Path: utzoo!mnetor!uunet!husc6!cmcl2!arizona!mike
From: mike@arizona.edu (Mike Coffin)
Newsgroups: comp.lang.c
Subject: Re: LEX
Message-ID: <3703@megaron.arizona.edu>
Date: 3 Feb 88 18:21:46 GMT
References: <260@nyit.UUCP>
Organization: U of Arizona CS Dept, Tucson
Lines: 41
Keywords: LEX, comments, C, regular expression
Summary: beware of buffer overflow

In article <260@nyit.UUCP>, michael@nyit.UUCP (Michael Gwilliam) writes:

> I'm writting a C like language to discribe data structures.  When I
> was writting the tokenizer using LEX and I got intrigued by a little
> problem.  Is it possible to write a regular expression that will
> transform a /* comment */ into nothing?

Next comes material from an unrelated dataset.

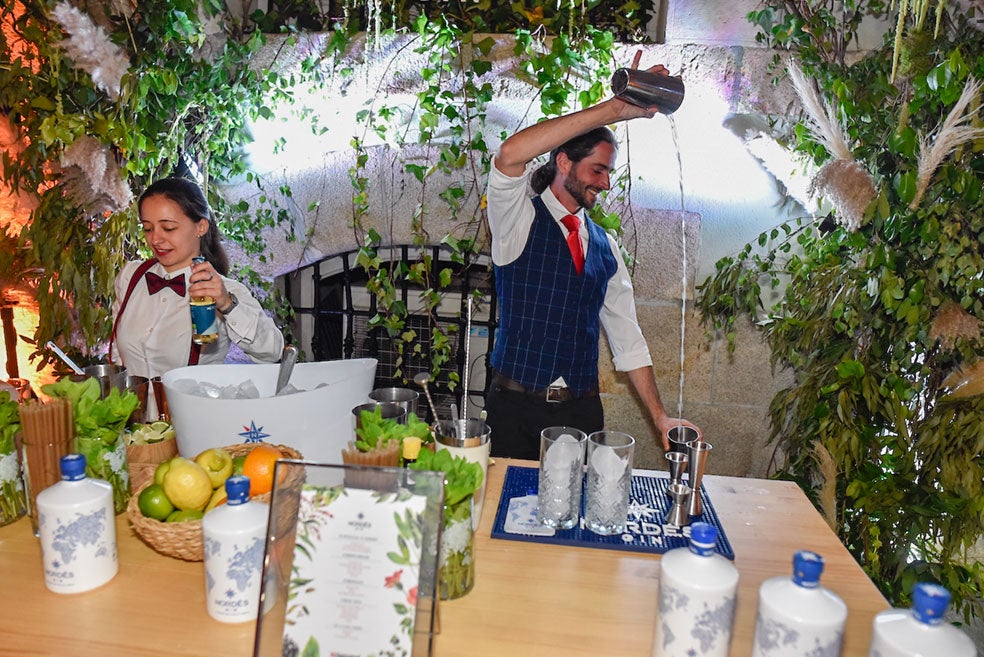 Durante la velada posterior a la ceremonia de premios, los maestros bartenders agasajaron a los invitados con cócteles creados para la ocasión.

I tried to mail this, but the mailer couldn't find you:

You can probably write a single regular expression to recognize C
comments, but it would be a bad idea.  In general, comments can be
long.  Lex, being a tokenizer, is not designed to recognize things
bigger than its internal buffer size, which is only a few thousand
characters.  When presented with long tokens, lex drops core.  Two
possible solutions:

1) Upon recognizing "/*", call a C routine to eat the rest of the
comment.  Inside the routine, use the Lex macro "input()" to get
characters.

2) Use Lex "start conditions".  These allow you to specify several
different tokenizers and switch between them explicitly.  Untested
code:

<N>"/*"			{BEGIN BC;}
<BC>[^*\n]*		;
<BC>"*"			;
<BC>"\n"		{lineno++;}
<BC>"*/"		{BEGIN N;}

Start condition <N> is the "normal" start condition, while <BC> is
"block-comment" condition.  This is much safer than recognizing entire
comments as one token; to overflow the buffer a single line would have
to be longer than the buffer.


-- 

Mike Coffin				mike@arizona.edu
Univ. of Ariz. Dept. of Comp. Sci.	{allegra,cmcl2,ihnp4}!arizona!mike
Tucson, AZ  85721			(602)621-4252